Skip to content

Grafana LGTM Stack Setup Example

This example demonstrates how to set up and configure the Grafana LGTM Stack (Loki, Grafana, Tempo, Mimir) with OpenTelemetry Collector for a cost-effective, comprehensive observability solution.

Overview

The Grafana LGTM Stack provides a complete observability platform:

  • Loki: Log aggregation system (similar to Prometheus but for logs)
  • Grafana: Visualization and dashboarding platform
  • Tempo: Distributed tracing backend
  • Mimir: Long-term metrics storage (Prometheus-compatible)

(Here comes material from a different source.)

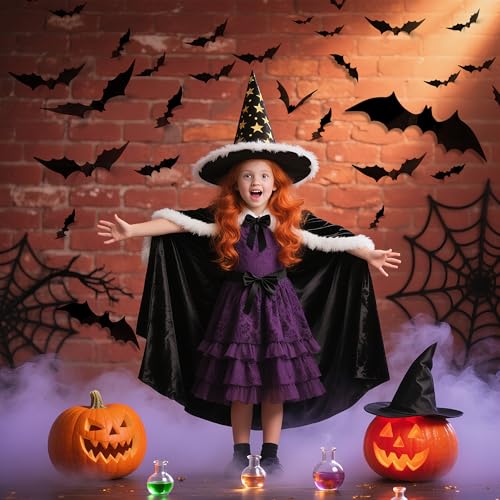 Halloween Bat Decorations Set - 140pcs Realistic PVC 3D Wall Stickers - 4 Sizes, Spooky Halloween Party Decor - Variation of THIS listing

This stack is designed to be:

  • Cost-effective: Open-source, efficient storage
  • Scalable: Handles high-volume telemetry
  • Integrated: All components work seamlessly together
  • OpenTelemetry-native: Built for OpenTelemetry from the ground up

Prerequisites

  • Docker Desktop installed and running
  • At least 8GB of available RAM (LGTM stack is resource-intensive)
  • Ports available: 3000 (Grafana), 3100 (Loki), 3200 (Tempo), 9009 (Mimir)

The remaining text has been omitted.